Lung cancer is associated with decreased expression of perforin, granzyme B and interferon (IFN)-γ by infiltrating lung tissue T cells, natural killer (NK) T-like and NK cells

Abstract

There is a limited understanding how of lung cancer cells evade cytotoxic attack. Previously, we have shown reduced production of the cytotoxic mediator granzyme B by CD8(+) T cells in lung cancer tissue. We hypothesized that lung cancer would be further associated with decreased production of granzyme B, perforin and proinflammatory cytokines by other cytotoxic lymphocytes, natural killer (NK) T-like and NK cells, and that this would result from soluble mediators released by the cancer cells. Lung cancer and non-cancer tissue from five patients was identified by experienced pathologists. Tumour necrosis factor (TNF)-α, interferon (IFN)-γ, granzyme B and perforin were measured in CD4 and CD8(+) T, NK T-like cells and NK cells by flow cytometry. Correlation between cancer stage and granzyme B was analysed retrospectively for 21 patients. The effects of soluble factors released by lung cancer cells on production of cytotoxic mediators and cytokines was assessed, and the role of prostaglandin E2 (PGE)2 /COX investigated using indomethacin inhibition. There were significantly decreased percentages of T, NK T-like and NK cells expressing perforin, TNF-α and IFN-γ in cancer versus non-cancer tissue, and of CD8(+) T cells and CD8(+) NK T-like cells expressing granzyme B (e.g. NK T-like cells: non-cancer 30% ± 7 versus cancer 6% ± 2·5). Cancer cells released soluble factors that inhibited granzyme B, perforin and IFN-γ production that was partially associated with the PGE2 /COX2 pathway.

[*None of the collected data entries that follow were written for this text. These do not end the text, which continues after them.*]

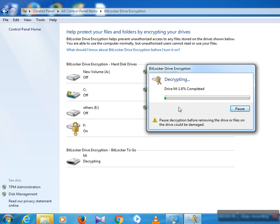Now wait some time; after that your drive will be unlocked without a password. Your process is running step by step. You can see in Control Panel, All Control Panel Items, and BitLocker Drive — that is the path of your drive — and your process is in progress.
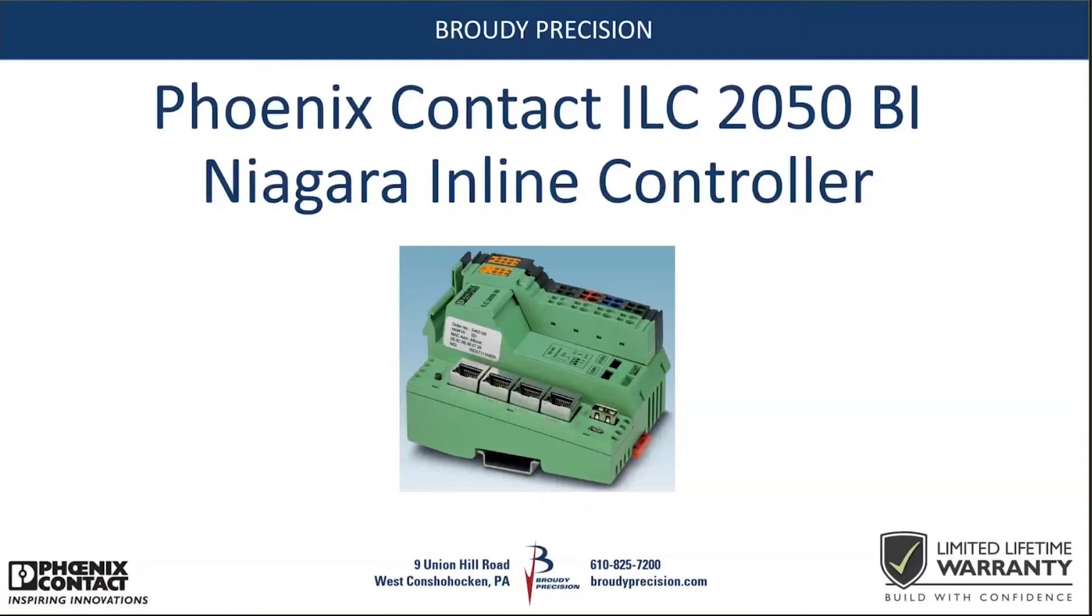And this month we are doing it on Phoenix Contact's Niagara. They call it the Niagara inline controller, the ILC 2050, which is their Niagara Jace.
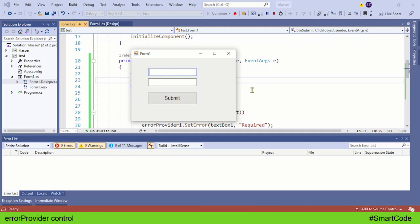Hello everybody, this is Salah. In this C# Windows Form tutorial, you're going to learn to work with error provider control. It's a very useful control to display errors and mark required fields on the form.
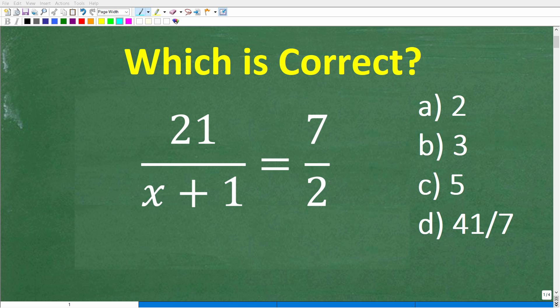No one with basic algebra skills should get this problem wrong. However, there is a part of the solution here that tends to confuse a lot of people and it's going to cause a lot of you to make an error. So you want to be very careful. Let's take a look at the equation.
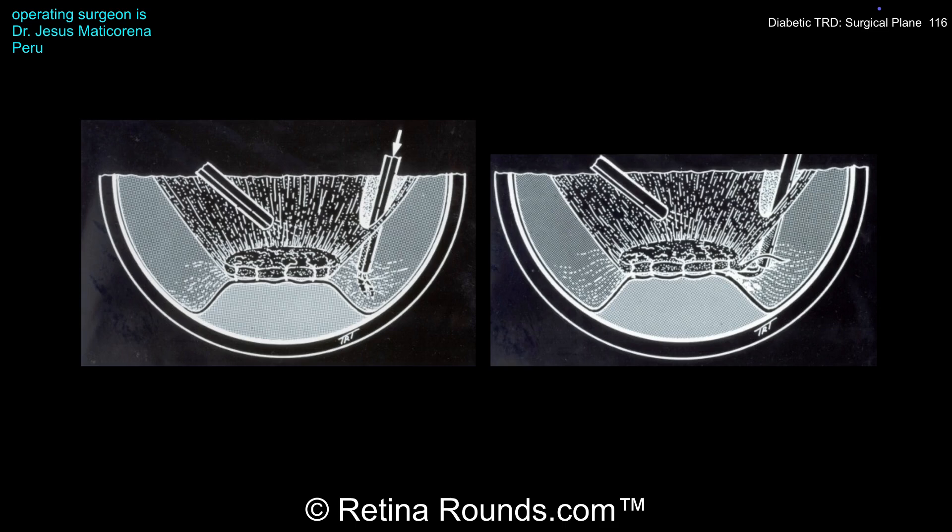Performing this segmentation of the posterior and anterior cortical vitreous may help propagate the PVD in areas where the hyaloid is still attached to the underlying retina, and can also help prevent anterior vitreoretinal traction when peeling posterior areas of pre-retinal fibrosis. Once the space is accessed, dissection can occur using the cutter, scissors, or a pick to cleave the plane and sharply dissect pre-retinal fibrosis. Working in this space will significantly decrease the chance of an iatrogenic retinal break, but slow, careful dissection is still necessary.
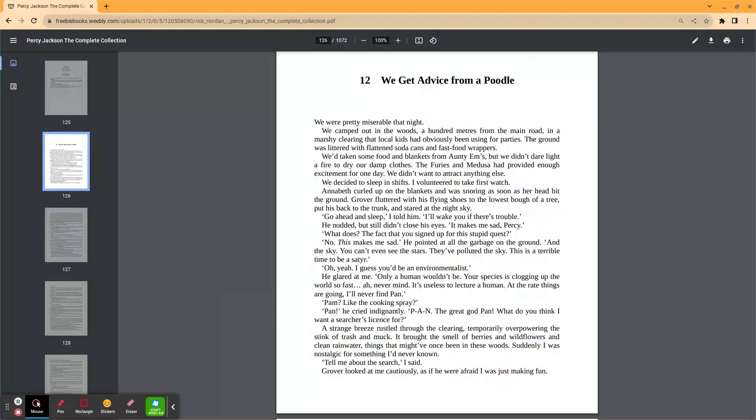Hey guys, so today I'm going to be reading you guys the 12th chapter of Percy Jackson and the Lightning Thief, chapter 12.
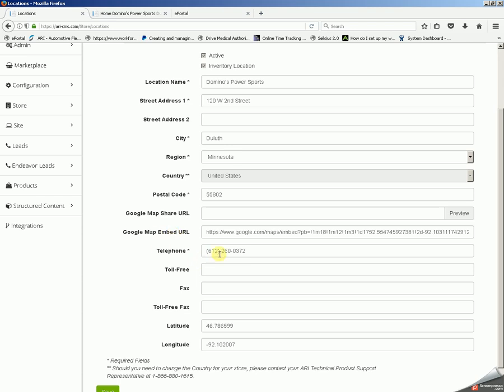You have your main telephone number of the business. If you have a 1-800 or a toll-free number you'd like to add, you can do that here. You have a fax number if you would like your customers to be able to fax you things like invoices and other important paperwork, and a toll-free fax.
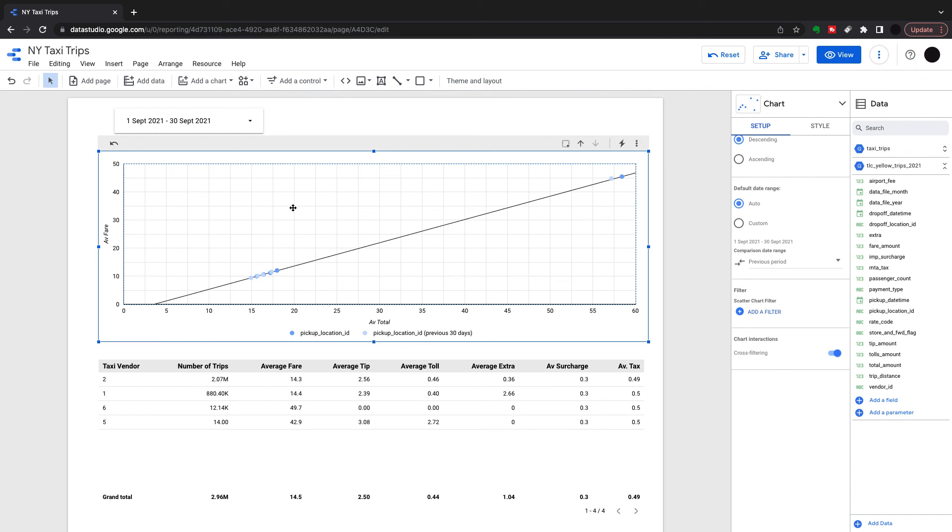That's the scatter plot video for Data Studio. I hope you found it useful and I'll see you very soon for another Data Studio tutorial.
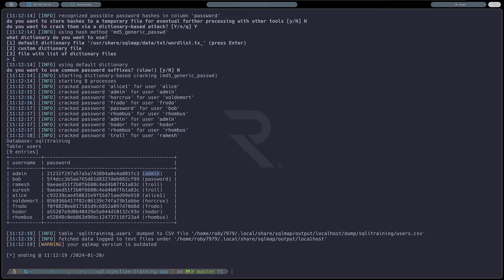Questa esploitazione automatizzata in alcune certificazioni non è consentita. Per esempio nell'OSCP, se vai a usare SQLmap ti annullano subito l'esame. Questo ti obbliga ad avere un controllo manuale maggiore. Se devi fare l'OSCP e devi fare una SQL injection, devi farla a mano. Adesso andiamo a vedere come fare tutto questo in maniera manuale.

Thus, lung cancer is associated with decreased expression of granzyme B, perforin and IFN-γ by infiltrating T cells, NK T-like and NK cells, possibly as a result of soluble factors produced by the cancer cells including PGE2 . This may be an important immune evasion mechanism.

Keywords: NK and NK T-like cells; cytotoxicity; granzyme B; interferon gamma; lung cancer.

Fig 1

Intracellular granzyme B expression in CD4⁺ and CD8⁺ T cell and natural killer (NK) T-like subsets and NK cells from normal (clear bars) and cancer tissue (grey bars). There was a significant decrease in the percentage of CD8⁺ T cells expressing granzyme B from cancer tissue compared with normal tissue. There was also a decrease in the percentage of CD8⁺ NK T-like cells and NK cells expressing granzyme B compared with normal tissue. Box-plots present median ± 25th and 75th percentiles (solid box) with the 10th and 90th percentiles shown by whiskers outside the box (*P < 0·05).

Fig 2

Perforin expression in CD4⁺ and CD8⁺ T cell and natural killer (NK) T-like subsets and NK cells from normal (clear bars) and cancer tissue (grey bars). There was a decrease in the percentage of CD4⁺ and CD8⁺ T cells expressing perforin from cancer tissue compared with normal tissue. There was also a decrease in the percentage of CD8⁺ NK T-like cells and NK cells expressing perforin compared with normal tissue. Data presented in box-plots as described in Fig. 1 (*P < 0·05; **P < 0·01).

Fig 3

Interferon (IFN)-γ production in CD4⁺ and CD8⁺ T cell and natural killer (NK) T-like subsets and NK cells from normal (clear bars) and cancer tissue (grey bars). There was a decrease in the percentage of CD4⁺ and CD8⁺ T cells, CD4⁺ and CD8⁺ NK T-like cells and NK cells producing IFN-γ from cancer tissue compared with normal tissue. Data presented in box-plots as described in Fig. 1 (*P < 0·05; **P < 0·01).

Fig 4

Inhibition of (a) interferon (IFN)-γ production and (b) tumour necrosis factor (TNF)-α in CD4⁺ and CD8⁺ T cells, natural killer (NK) T-like and NK cells (clear bars) in the presence of conditioned media from small-cell carcinoma (SBC)-1 cells compared with supernatant from the 16HBE normal human bronchoepithelial cell line (control). Data for three separate experiments (n = 3) are presented as % change compared to control. Significant decrease (*P < 0·05) in the percentage of lymphocyte subsets producing cytokines in the presence of SBC-1 supernatants. Neutralizing PGE₂ with 10 μM indomethacin (grey bars) significantly (#P < 0·05; ##P < 0·01) diminished the inhibitory effect of SBC-1 cancer cell line supernatant on IFN-γ and TNF-α production (three separate experiments, performed in triplicate).